After a fantastic pilot episode, ‘Dog and Pony’proves that Terriers is going to be a must-watch new series this fall. The episode is fairly standalone in nature with only a few mentions of the Lindus case that Hank and Britt are now the prime witnesses in, but spending 45 minutes with these two guys and this world is beyond enough to sustain my enjoyment. So those of you worried about another FX series mulling around in boring standalone fare ala Justified, there’s good news and bad news. The bad news is that Terriers seems to be okay with telling standalone stories. The good news is that ‘Dog and Pony’is absolutely better than any of Justified‘˜s standalone episodes.
The case this week is fairly light, both in terms of tone and detail: Hank and Britt swipe a case sheet that has an attached reward on it to make some many and quickly find out that the big whale of a man they’re supposedly trying to capture for armed robbery is actually tied up in a feud with his mousey half-brother who organized the theft of $100k at the local horse track and then left the big guy with nothing. Like in the pilot, Hank and Britt play multiple sides throughout the episode and end up protecting the man they thought they were bringing down and actually officially assist the police and Gustafson before it’s all said and done.
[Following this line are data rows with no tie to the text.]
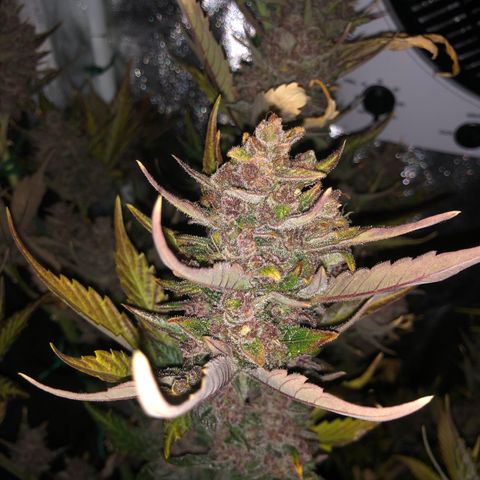 Blackberry - #1 - 42 Fast Buds growlog timeline photo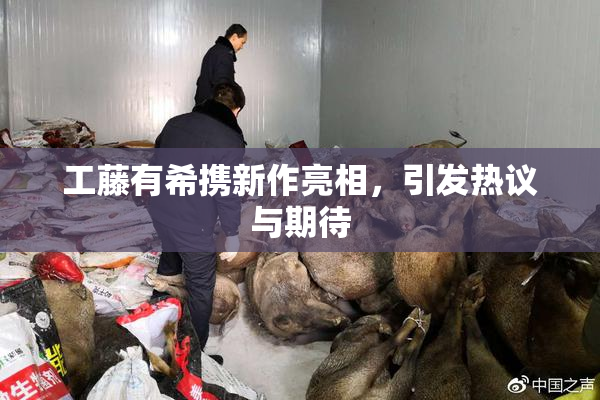工藤有希携新作亮相，引发热议与期待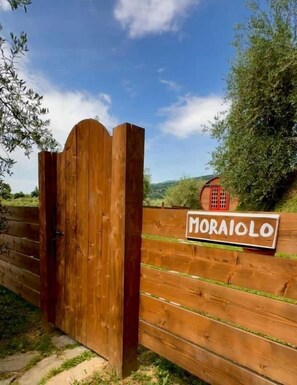 Studio Deluxe, vue vignoble | Détail de l’extérieur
However, it’s in the way Terriers goes through those traditional paces that so great. Hank and Britt’s horrible attempts at pretending to be local muscle, their horrible attempts at fighting the big man and their subsequent care of the big man after he’s shot by the crappy half-brother are all hilarious moments without being overtly so.
But the centerpieces to the episode are actually extremely intense moments that acknowledge how dark these characters can go and also how easily the series can transition between tones. Throughout the episode, Britt begins to worry about a dark presence that is supposedly coming to wreck his life, according to the lame palm reader girlfriend of the big man they’re helping. Though he thinks it’s the new dog that he and Katie just bought (and eventually get rid of by the episode’s end), there’s an overt suggestion that it’s Hank. So when Gustafson intensely explains to Britt that being Hank’s partner eventually sucks, it looks like a little bit of the fun got sucked out of Britt’s eyes. He surely knows about Hank’s rocky past, but has been willing to stick with him thus far. But as Hank gets deeper and deeper into this Lindus thing, there’s a question of whether or not Britt will be screwed along the way. I mean Hank did attempt to use that check for his house without checking with Britt.
Meanwhile, the episode’s final sequence, in which Hank finally shows up at his old house to give up the check and has a flashback to the day that he and Gretchen bought it the first time, is fantastic. It’s only two episodes into this series, but scenes like this one where Donal Logue knows how to play the sadness in the eyes but not push out an extremely animated performance, go a long way in making us really care about Hank. Awesome. And then he takes a hammer to the wall she never liked, officially confirming that he can’t back out now, the stakes are raised, just as they were last week when he made his charge to Lindus.